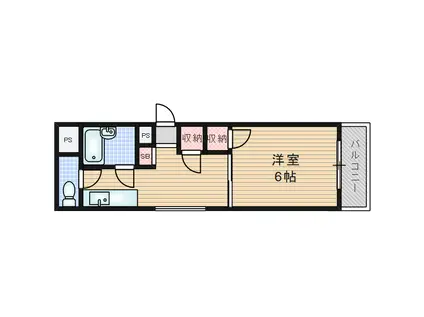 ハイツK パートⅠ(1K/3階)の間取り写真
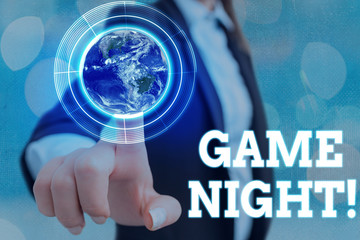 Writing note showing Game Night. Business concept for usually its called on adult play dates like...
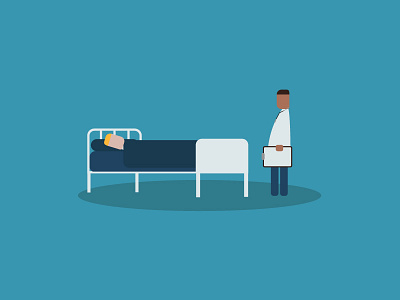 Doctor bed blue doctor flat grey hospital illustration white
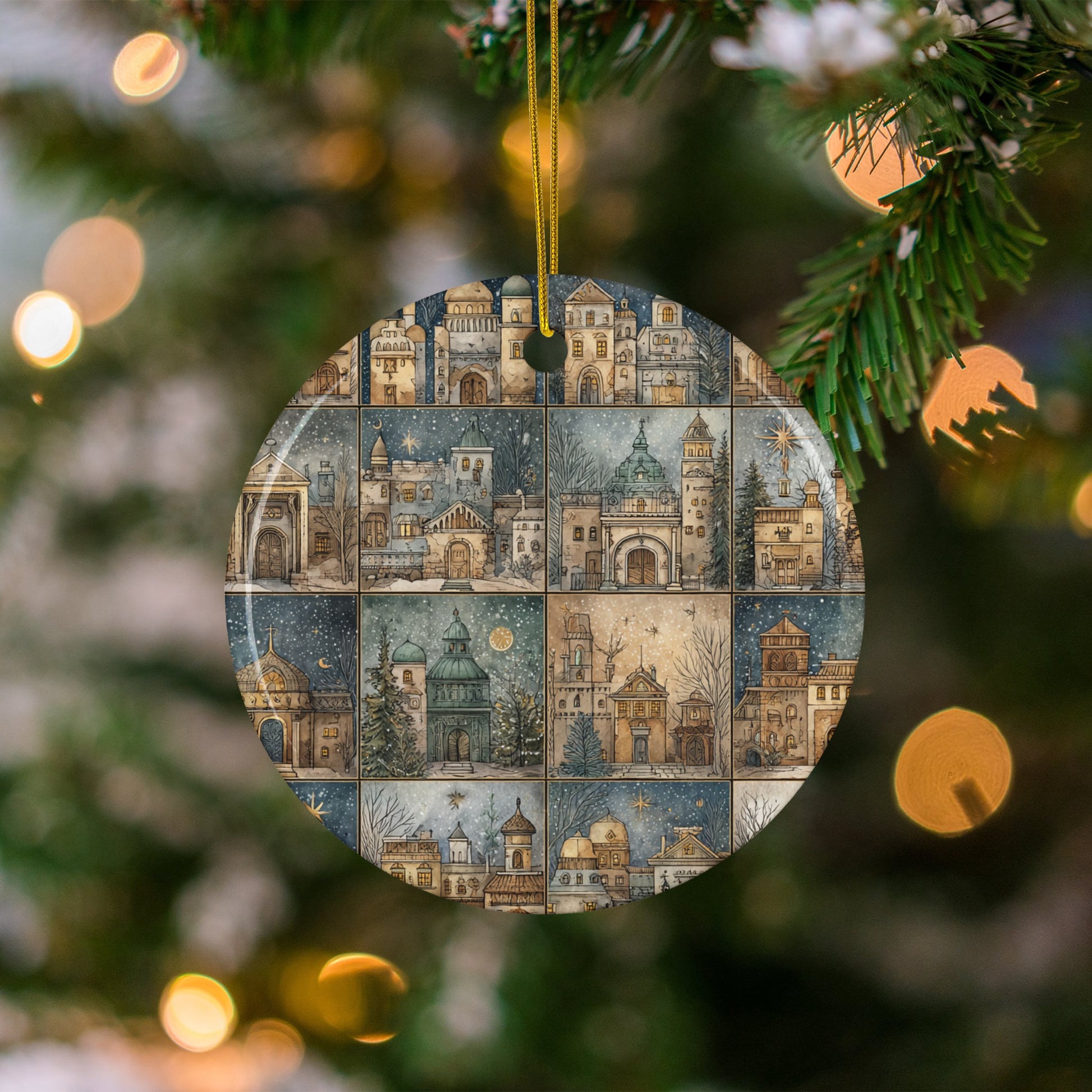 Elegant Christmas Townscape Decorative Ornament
════════
■ **REQUIREMENT**
Your answer must be the lines from the line containing "Writing note showing" through the final line of the data, written out exactly, both ends included and pictures left out.

■ **TASK ANSWER**
 Writing note showing Game Night. Business concept for usually its called on adult play dates like...
 Doctor bed blue doctor flat grey hospital illustration white
 Elegant Christmas Townscape Decorative Ornament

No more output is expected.